Let’s look at each of these issues in turn, and what the government could do to address the problems.

1)Poor bank liquidity and negative equity

The banks are in a difficult situation. They are under constant pressure to improve their tier 1 capital ratio. In order to do that they have to dispose of distressed property assets and other assets. But how to do that when those assets are overvalued? A recent portfolio valuation by four international valuation companies of over 350 assets in Slovenia and ex-Yugoslavia showed that that commercial property assets were overvalued by local valuers by between 300 and 700 percent. If a bank sells an asset at a third of its book value, it records a loss, which further diminishes the tier 1 capital, and completely defeats the purpose of the disposal.

The situation with some Slovene banks is far worse than it appears because of the negative equity issue.
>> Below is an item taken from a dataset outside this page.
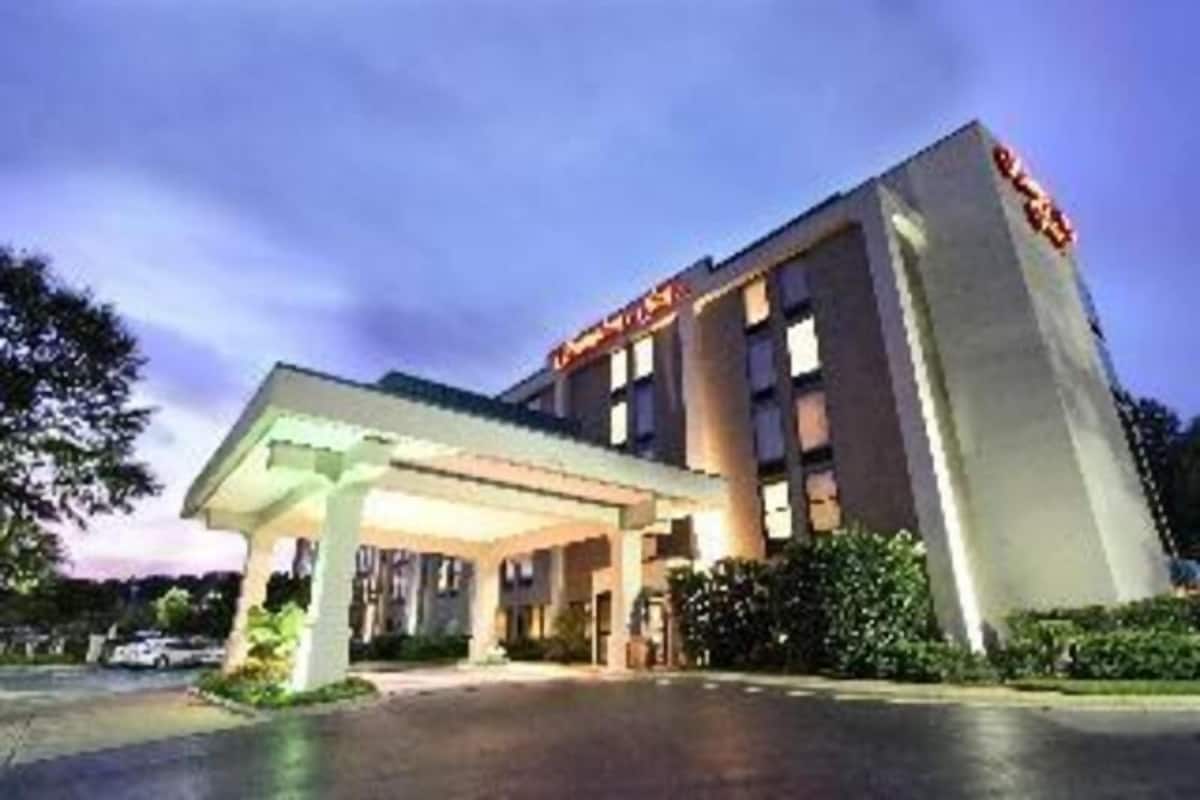 A hotel with a covered entrance, multiple floors, and a prominent sign.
We recently valued a commercial property asset at 2m€, it has 12m€ of debt outstanding, from 5 separate banks. The book value of the property is 7m€. Another asset was valued at 1.3m€, but has 4.7m€ of debt outstanding.

So what can the government do to help? Returning liquidity to the system is vital. The first step should be to carry out a widespread valuation exercise to establish exactly what the true picture is. An international valuation company that works to RICS standards, and can estimate the current market value should carry out the valuations. Until an accurate picture of the loan books emerges, it will be impossible for the banks or government to create a strategy that will work.
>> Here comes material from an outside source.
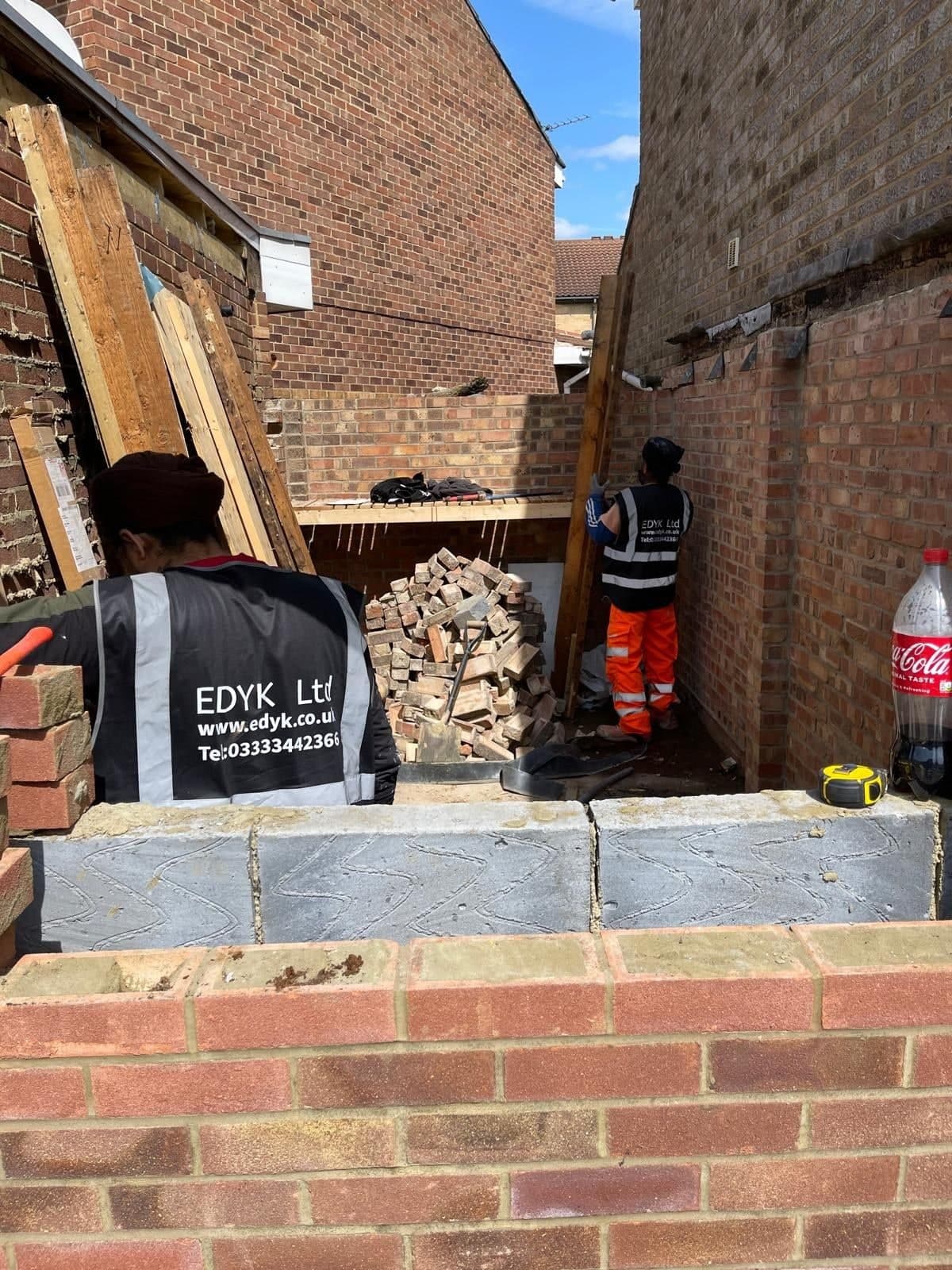 EDYK team members building blockwork and brickwork walls for a house extension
The second step is to make local valuers properly responsible for future valuations, to make sure this situation never arises again. In more mature markets, valuers are held responsible for any loss their Clients suffer as a result of an erroneous valuation. They are required to have sufficient professional indemnity insurance to cover any claims. In some cases, such a claim might be limited to 20 times the fee paid for the valuation, however in others there is unlimited liability. Accurate valuations form the cornerstone of any healthy lending system, and valuers in Slovenia have to stop asking, ‘What do you want the value to be’, when instructed to carry out a valuation. Banks will have to understand that the cost of valuations will rise if they are done correctly and insured with a proper level of professional indemnity cover.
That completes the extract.